Teniente de Gobernador of Santa Fe Province
- In office 1648–1649
- Monarch: Philip IV of Spain
- Preceded by: Pedro Home de Pessoa
- Succeeded by: ?

Personal details
- Born: 1607 Buenos Aires, Argentina
- Died: c.1660 Buenos Aires, Argentina
- Occupation: Politician
- Profession: militia

Military service
- Allegiance: Spanish Empire
- Branch/service: Spanish Army
- Rank: Captain

= Diego Gutiérrez de Humanes =

Diego Gutiérrez de Humanes (1607 - 1660s) was a Spanish politician and military man who served in the Viceroyalty of Peru as Lieutenant Governor of Santa Fe, Argentina.

== Biography ==

Diego Gutiérrez de Humanes was born 1607 in Buenos Aires.
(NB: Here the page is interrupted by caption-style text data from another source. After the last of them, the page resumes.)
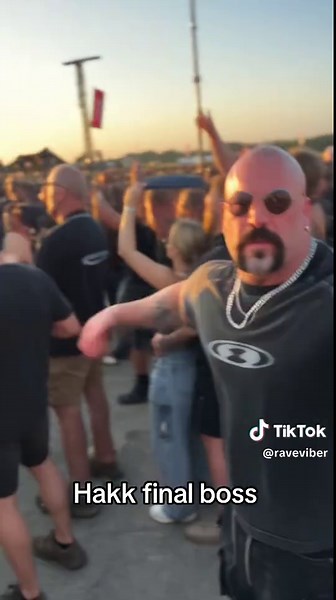 Hakk final boss — Hakk techno dance moves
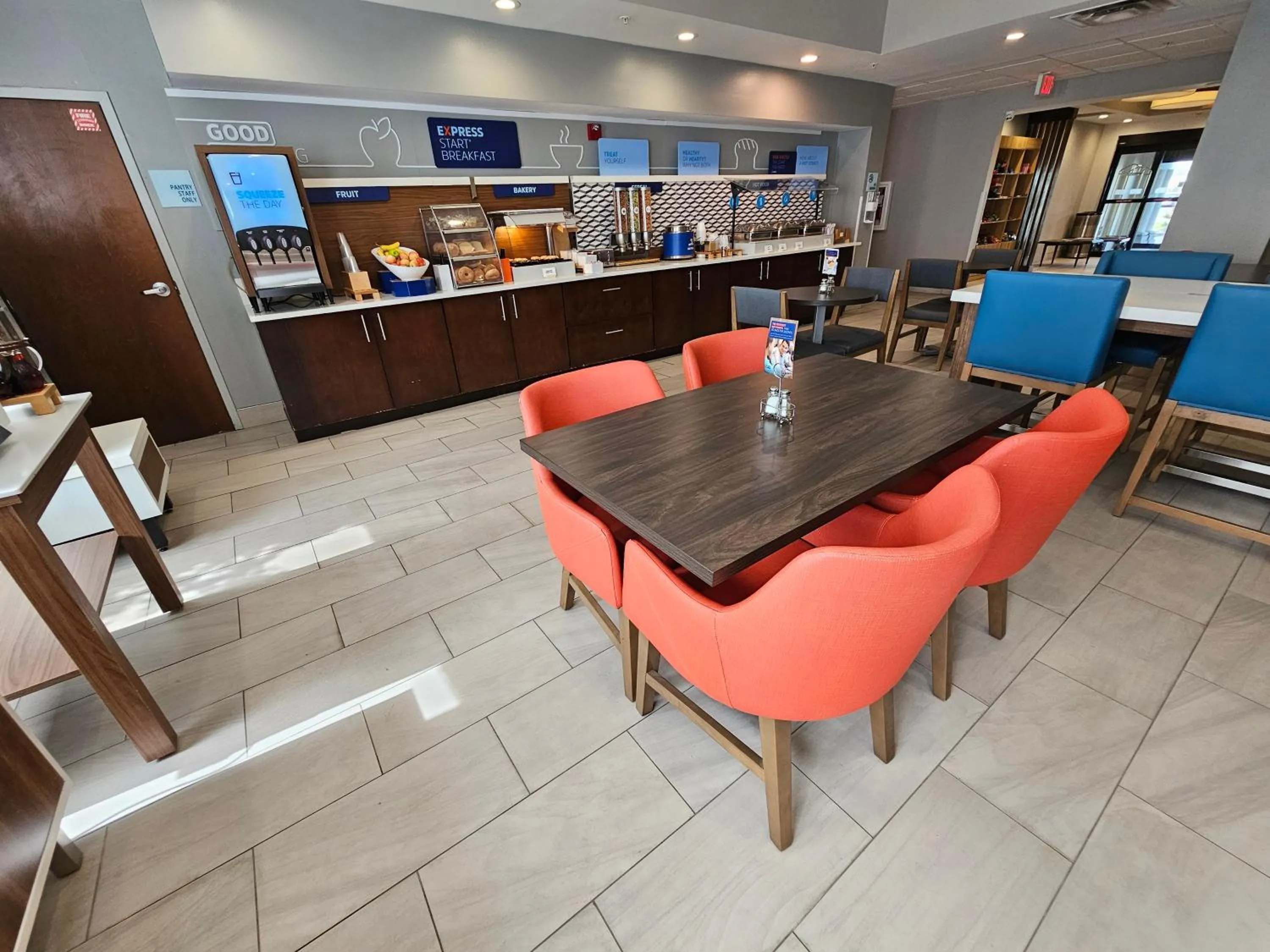 Breakfast in Holiday Inn Express Hotel & Suites Cincinnati-Blue Ash by IHG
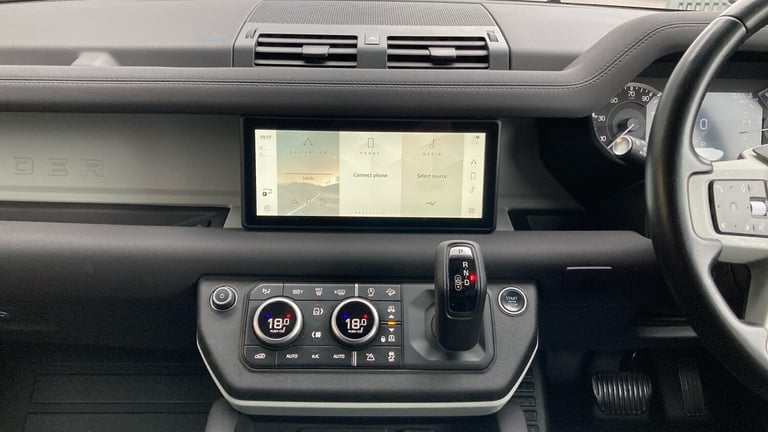 2022 Land Rover Defender 3.0 D250 SE 110 5dr Auto ESTATE DIESEL Automatic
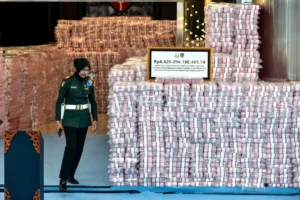 Uang Sitaan Satgas PKH Rp11,4 Triliun Dapat Tambal Defisit Anggaran, Kata Purbaya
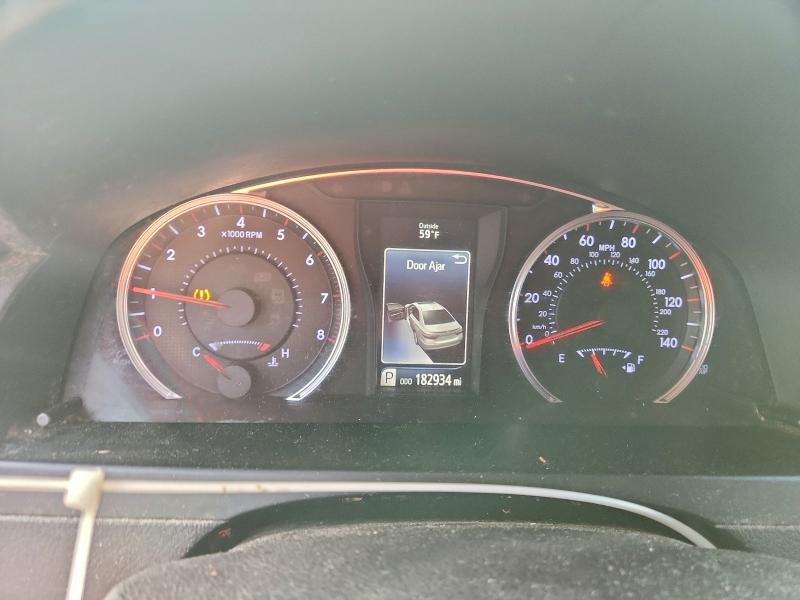 Photo 9 from auction – 2017 TOYOTA CAMRY LE with VIN 4T1BF1FK6HU677947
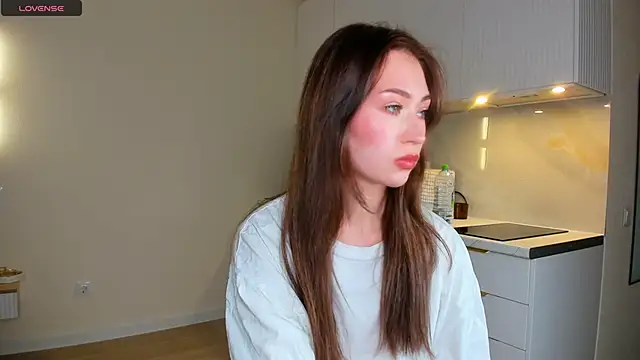 Snapshot of shellikeangel chatting on 4, 3, 2025 shellikeangel online show from 4, 3, 2025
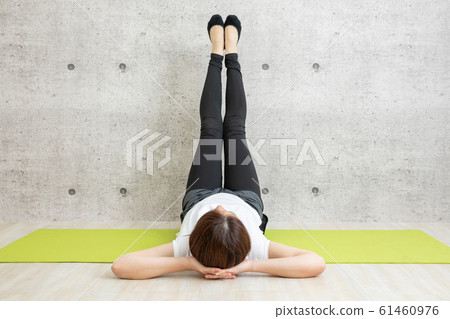 女人伸展 61460976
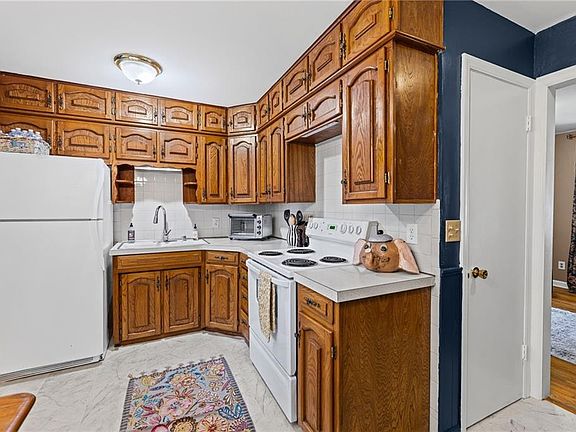 4th image of 2711 S Scott Ave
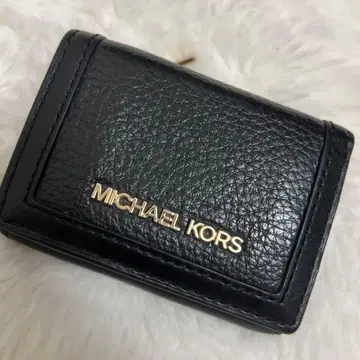 MICHAEL KORS 블랙 3단 폴더형 지갑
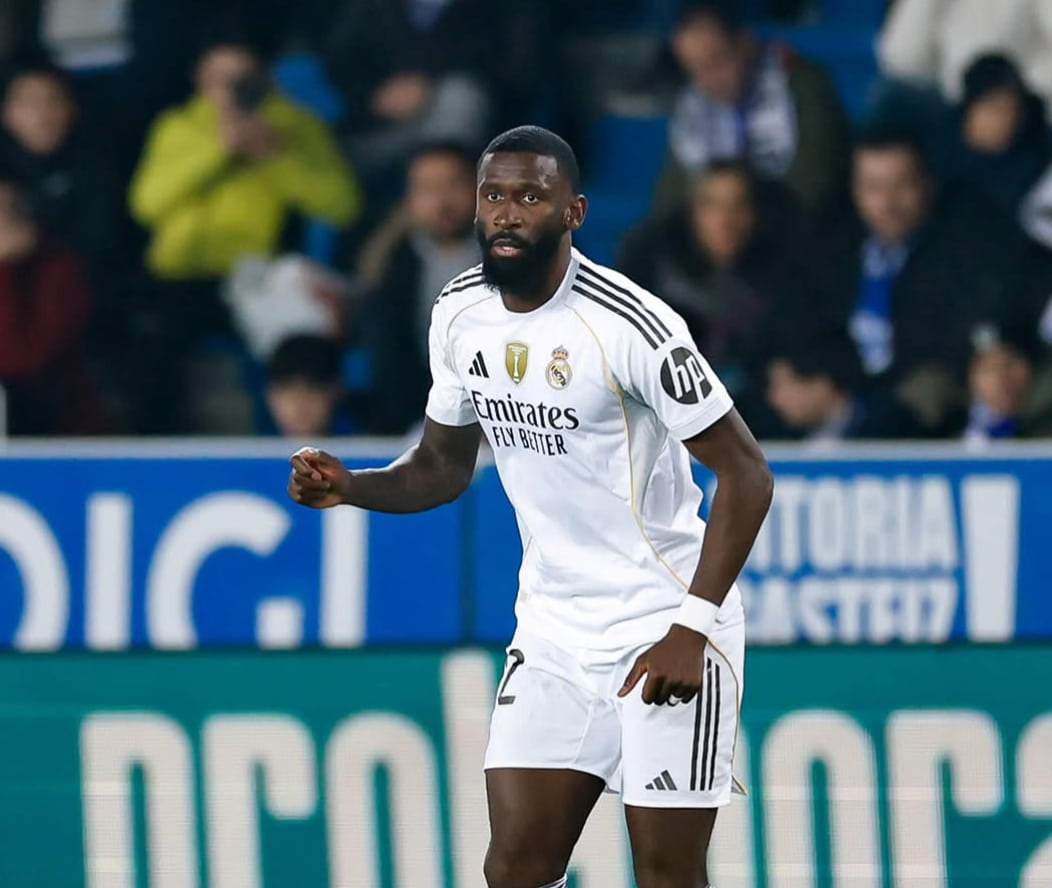 Antonio Rüdiger commente son coup de genou sur Diego Rico : « Si j’avais voulu le tuer… »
As the son of Pedro Gutiérrez and Mayor Humanés de Molina, he belonged to a distinguished Spanish family. He was married to Leonor Carbajal, daughter of Gonzalo Carbajal and María de Salas y Reynoso. In 1633 Diego Gutiérrez de Humanes, was elected Alcalde de la santa hermandad, in the town of Monte Grande. His brother Juan Gutierrez de Humanes, served as Alcalde of second vote in Buenos Aires in 1648.

Diego Gutiérrez de Humanes, and his brother had received land grants in Parana, Santa Lucía and in the present territories of San Pedro and Arrecifes.